Czarownica11 dziękuje za słowa wsparcia. Jutro napisze co i jak. To forum sprawia ze nawet gdyby wyszło coś złego a nawet bardzo złego, co mogło by mnie trochę podlamac to czytając wasze wpisy czuje się silna i gotowa stawić stanąć do walki. Nawet pisząc te słowa czuje się dużo silniejsza i bardziej pozytywna. Trzymajcie się kochane 😊
Przeczytałam ten opis i nie ma się co oszukiwać, że stan jest poważny. Mama ma prawo czuć mocny dyskomfort i ból bo wszystko jest ze sobą niejako zlepione i rak nacieka na narządy w tym odbytnicę.
Kochane ja choć bym chciała pomoc to nie pomogę ponieważ nie wiem jak . U mojej mamy była diagnoza "szybko" tzn mama nigdy się nie badała bo oczywiście uważała że lekarz a zwłaszcza ginekolog to najgorszy wróg. W święta zaczol boleć pecherz jakby zapalenie do tego bol podbrzusza poleciała do ginekologa zaraz było skierowanie na Rome i już szybko poszło...
Czarownica 11, dziękuję za odpowiedź, ja tylko czytam ten opis i mało z niego rozumiem, lekarz przekazał wiadomość że jest naciek i jest to duże wszystko i że nie będzie żadnego leczenia i do domu. Nikt nic nam nie tłumaczył nie mówił nic więcej a mi nie mieści się w głowie jak to możliwe żeby być w praktycznie 3 szpitalach i nigdzie wcześniej tego nie widzieli i stan zwalali na przebyty udar
Karolina, ja tylko oglednie napisałam. Natomiast sytuacja wygląda tak z pamięci bo pisze ze smartfonu :przez raka zajęte są narządy rodne czyli jajniki,szyjka macicy, pochwa... Do tego pęcherz jest pogrubiały co sugeruje też nacieki, to samo z odbytnicą. Rak rozlał się po miednicy mniejszej i pozlepiał wszystko niestety. Są powiększone węzły chłonne zarówno w dolnej części jak i wyżej okołoaortalne na wysokości nerek co sugeruje iż tam również są przerzuty. To samo niestety w jamie brzusznej sugerują meta czyli przerzuty na otrzewnej czyli jelita jak i powłoki brzuszne. Jest też przypuszczenie przerzutów na wątrobie no i segmenty płuca prawego też sugestia przerzutów:( Mama jest cały czas w domu czy w szpitalu?

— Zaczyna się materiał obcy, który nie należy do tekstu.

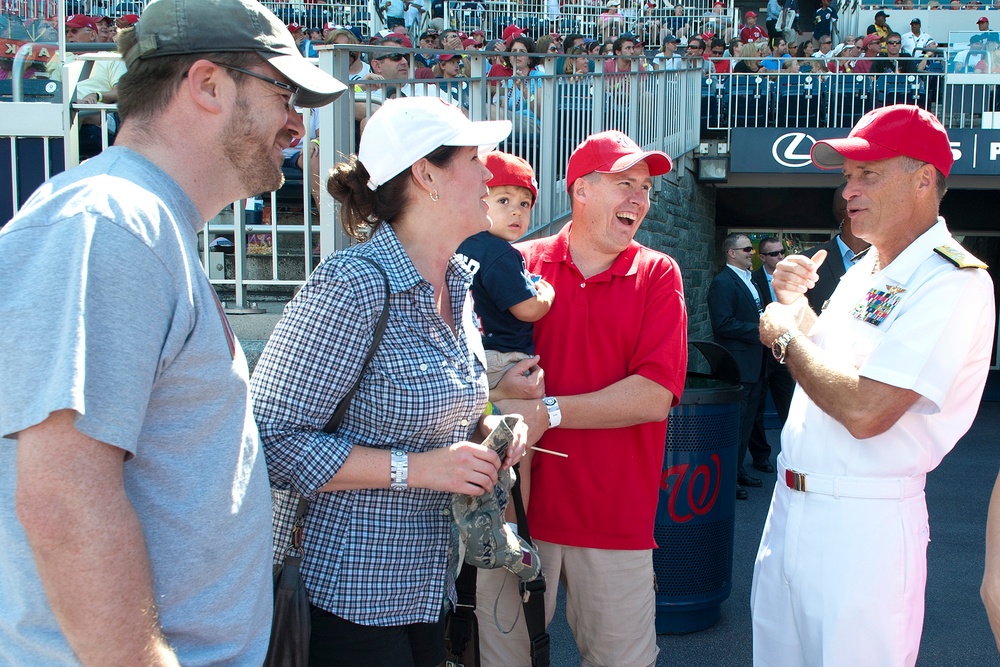 Adm. Winnefeld Jr. at Nationals game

Hej dziewczyny..ktoś pytał o wlewy vit c...Ja brałam..bralam wszystko co możliwe..i do tej pory się witaminizuję . Vit c,olej cbd,pestki moreli,wyciskane soki..nie wiem co pomogło..na razie jest ok.Ale strach obecny.. nie można odpuścić po raku..dyscyplina zwłaszcza pokarmowa obecnie..zero wieprzowiny, owoce, warzywa,dobra woda,świeże powietrze to dla mnie podstawa. Pozdrowienia!

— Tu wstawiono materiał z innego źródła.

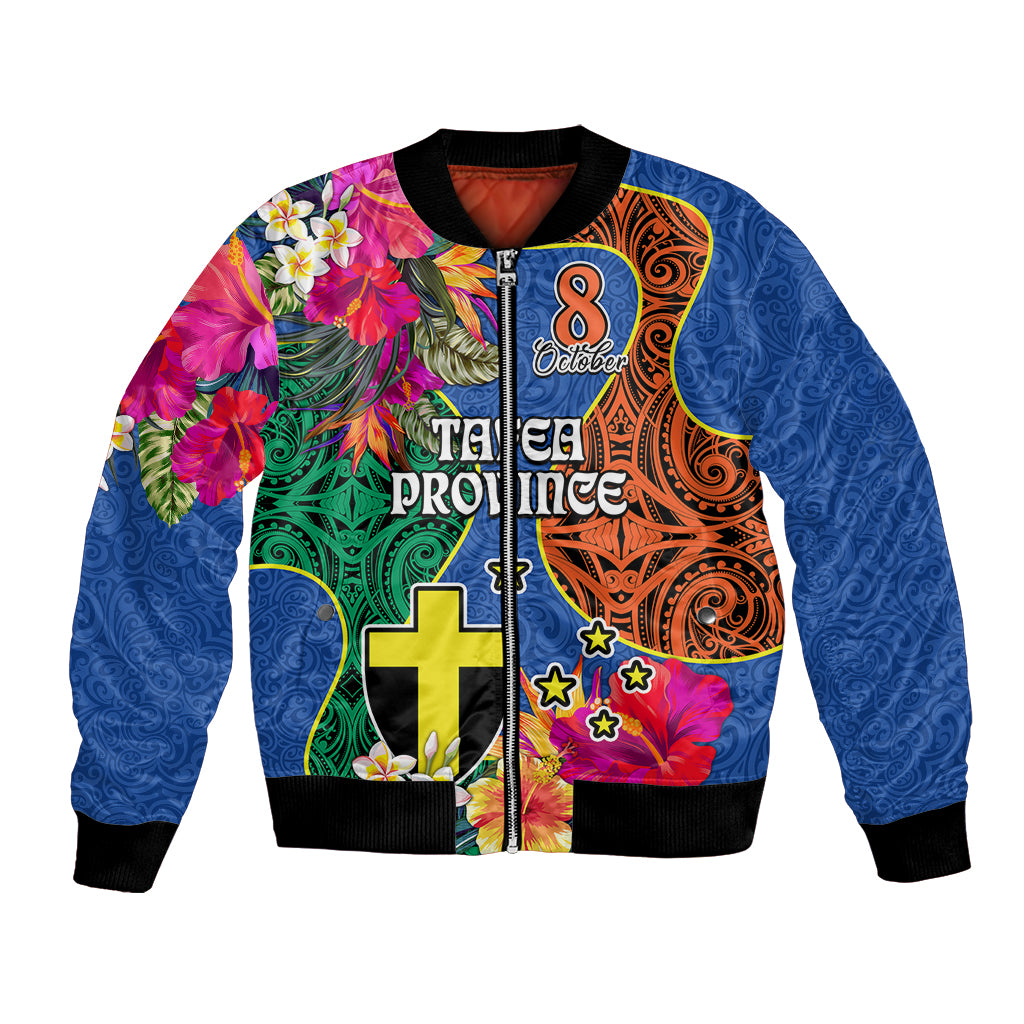 Tafea Day Bomber Jacket Proud To Be A Ni-Van Beauty Pacific Flower LT03 Unisex Blue - Polynesian Pride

Karolino, podptaj o dobre hospicjum stacjonarne. Przepraszam że tak piszę ale w pewnym momencie domowe nie daje rady bo największe doświadczenie mają lekarze w stacjonarnych, do tego mogą w sposób naprawdę skuteczny dobierać leki przeciwbólowe. Najgorsze co może być to cierpienie w chorobie nowotworowej. W hospicjach pracują naprawdę doświadczeni, empatyczni ludzie. Nie spotkałam się na forum z kimś kto żałował decyzji o przeniesieniu w pewnym momencie najbliższej osoby do hospicjum.